Dubbed “Solar Decathlon,” the fourth biennial competition includes teams from 20 universities worldwide. Each 800-square-foot or less solar-powered house, built by the students on their home campus and then transported to the National Mall in Washington D.C., must demonstrate that homes powered entirely by the sun do not have to sacrifice all the modern comforts and appealing features that people have become accustomed to in their homes.
The Decathlon gets its name from the 10 specific areas of competition: architecture, engineering, market viability, lighting design, communications, comfort, appliances, hot water, energy balance and home entertainment.
“This competition joins two central facets that are extremely important to E.ON U.S. – education and the environment,” said Vic Staffieri, chairman, CEO and president of E.ON U.S. “We wanted to support the University of Kentucky in this very challenging and innovative competition where our state’s knowledge of current energy issues can be applied on an international stage.”
Since early 2008, UK’s team has been hard at work developing its S•KY BLUE House.

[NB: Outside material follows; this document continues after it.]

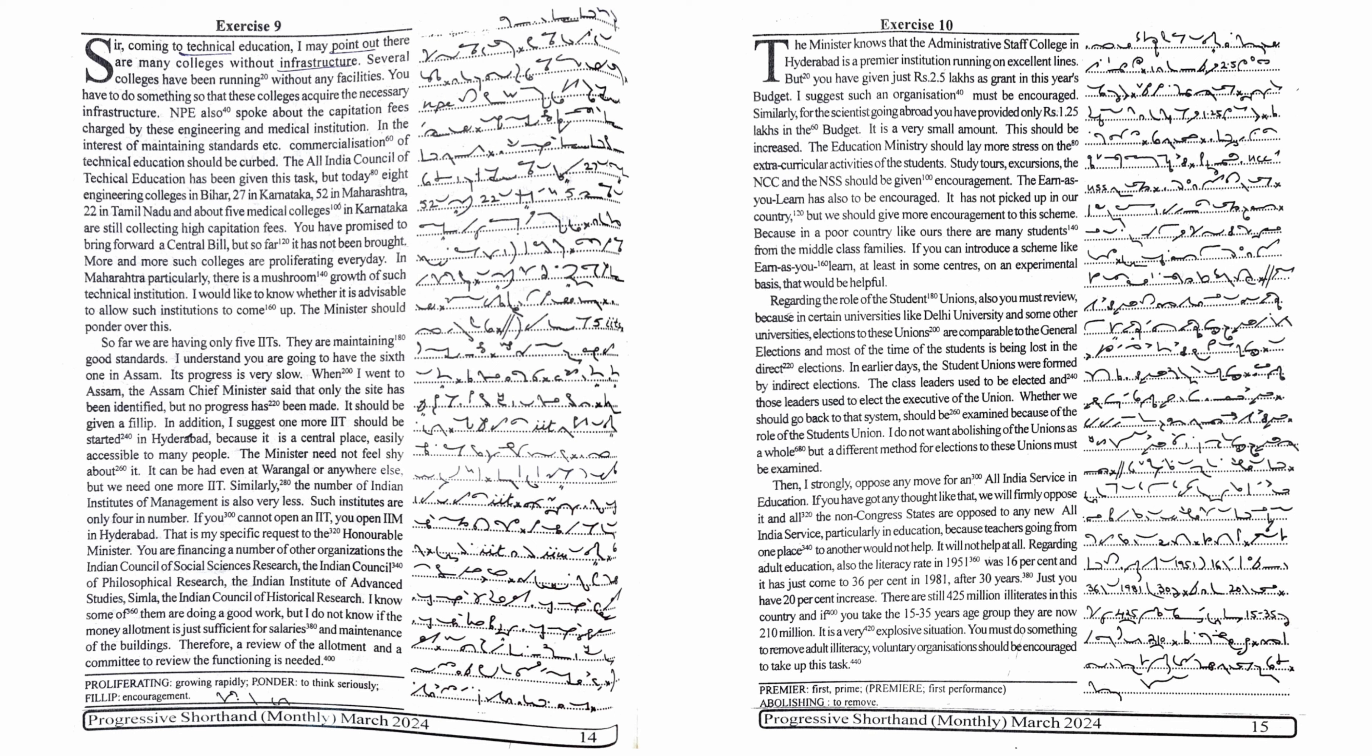Coming to technical education, I may point out there are many colleges without infrastructure. Several colleges have been running without any facilities. You have to do something so that these colleges acquire the necessary infrastructure.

The “Blues” Team, an interdisciplinary group comprised of students, faculty and staff from six colleges and 16 centers and departments within UK, is led by two principal investigators: Donald Colliver, professor of biosystems and agricultural engineering at the College of Agriculture; and Gregory Luhan, associate dean for research at the College of Design.
This October, as part of a solar village on the National Mall, the university teams’ houses will showcase innovation in solar technology to the general public while concurrently being evaluated for the decathlon. An overall winner, considered to have the most energy-efficient and innovatively designed house, will be announced at the end of the event.
“Having an industry partner like E.ON U.S. is an important component to our team’s overall success,” said Lee T. Todd Jr., president of the University of Kentucky. “E.ON U.S. is a long-time partner with our university, particularly with our Center for Applied Energy Research. We appreciate their support in our efforts to make our ‘net-zero’ design a reality and win this competition.”
E.ON U.S., headquartered in Louisville, Ky., is a subsidiary of E.ON A.G., the world’s largest investor-owned energy services provider. E.ON U.S. is a diversified energy services company that owns and operates Louisville Gas and Electric Company, a regulated utility that serves 314,000 natural gas and 389,000 electric customers in Louisville and 16 surrounding counties, and Kentucky Utilities Company, a regulated electric utility in Lexington, Ky., that serves 538,000 customers in 77 Kentucky counties and five counties in Virginia.